The US, with its capital markets and openness to outside investors, eased the shift in control. Foreign companies like Asia Netcom adroitly purchased the remnants of the overbuilt infrastructure at prices that should insulate them from the large losses suffered by the original owners, analysts said.

"While the US is still smarting from the telecoms catastrophe, it has awoken to find that it has significantly assisted everyone else, which was really sort of dumb," said Farooq Hussain, a former executive at Sprint and MCI who heads Network Conceptions, a US consultant group.

Some US$30 billion in international telecommunications infrastructure owned by US companies was sold to foreign-owned entities from 2000 to 2004 for a total of about US$4 billion, said Sam Paltridge, an economist at the Organization for Economic Cooperation and Development in Paris.

Since it bankrolled the networks, "Wall Street has inadvertently financed more telecom infrastructure overseas than the World Bank and other international agencies," Paltridge said.

The change in the balance of ownership may have political consequences. The international pieces of a nation's communications infrastructure, considered strategic and defensive holdings, can be controlled by those who may not share that nation's interests.

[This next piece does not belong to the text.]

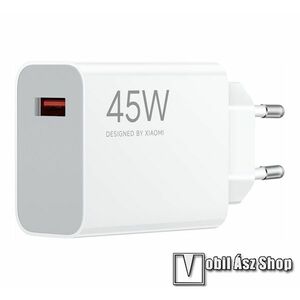 XIAOMI hálózati töltő, 1 x USB-A aljzattal, 45W, Gyorstöltés támogatás, Kábel nélkül, Fehér kép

The new profile of owners has changed the business. The smaller companies that sought for years to be treated as equals by American rivals can offer their customers global end-to-end services, including access to the biggest market -- the US -- over their own networks or others owned by partners they are better able to negotiate with.

Although carriers like Sprint, MCI, AT&T and Level 3 Communications still carry a big percentage of the world's Internet traffic, US carriers have lost their status as unassailable giants as more traffic is routed around them. Operators like T-Mobile of Germany, NTT of Japan, Telstra of Australia and France Telecom moved into the US market; Telmex, the Mexican phone company, snapped up AT&T's Latin American network and MCI's share of Embratel in Brazil; and Telmex's largest shareholder, Carlos Slim Helu, took strategic stakes in MCI and Global Crossing.

A European network valued at US$1.7 billion and built by Global TeleSystems, a US company, was sold to KPNQwest, a joint venture by Qwest and KPN, the Dutch phone operator, in 2002. The network once carried a quarter of Europe's Internet traffic. When KPNQwest dissolved in 2002, Qwest's part of the network, valued at US$1.3 billion, was sold to several European carriers, including Interoute in Britain and TeliaSonera, the Scandinavian carrier, for about US$50 million.